Des saints pas toujours très catholiques…  28 février 2009
Quand les textes anciens parlent des saints, ils désignent l’ensemble du « peuple de Dieu » mais historiquement, ce peuple voulait honorer les plus grands d’entre eux, les martyrs (en grec ce mot dignifie « témoin »). C’est d’abord le peuple qui, par une reconnaissance communautaire, élevait ceux-ci mais bien vite la ferveur populaire amalgama références religieuses et légendes. On se mit alors à vénérer des personnages qui, aux yeux de l’Eglise, n’existèrent jamais, mais qui eurent cependant leurs statues et leurs pèlerinages.
L’un des exemples le plus frappant est celui de saint Guignefort (ou Guinefort) très réputé dans l’Ain : il s’agissait en fait d’un lévrier que, d’après une légende, la tradition populaire a élevé au rang de saint.
On rencontre cette vénération dès 1250 : le dominicain Étienne de Bourbon rapporte que les paysans dombistes vénèrent tel un martyr un lévrier enterré dans un bois où s'élevait jadis un château. L’histoire raconte qu’un jour, alors qu'il dormait dans son berceau, le fils du seigneur de ce château fut menacé par un serpent. Le lévrier du seigneur s'interposa et après une lutte acharnée tua le serpent. Quand le seigneur entra dans la chambre, il vit le chien ensanglanté : croyant qu'il avait dévoré son enfant, il le tua d'un coup d'épée. Comprenant ensuite sa méprise, il fit mettre le lévrier en terre et fit planter des arbres à l'endroit de son inhumation.

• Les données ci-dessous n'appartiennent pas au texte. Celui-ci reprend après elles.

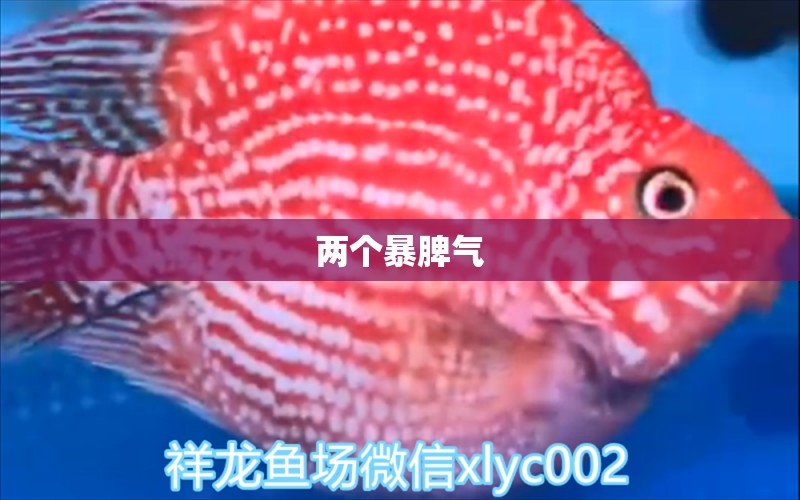 兩個(gè)暴脾氣 虎斑恐龍魚(yú) 第2張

C'est dans ce bois que les femmes de la région, à l'époque de la prédication d'Étienne de Bourbon, portaient leurs enfants malades à saint Guinefort. Guidées par une vieille femme qui leur indiquait les actes à accomplir, elles effectuaient divers rituels destinés à obtenir la guérison de leur enfant. Étienne de Bourbon décida d'arrêter ce culte : il fit exhumer les restes du chien et couper le bosquet, ordonna que l'on brûle le tout et interdit à quiconque de perpétuer les pratiques jusqu'alors en usage…

Chapelles et lieux de cultes ruraux sont souvent les lieux de dévotion populaire
(illustration extraite de Hier, nos villages, page 85).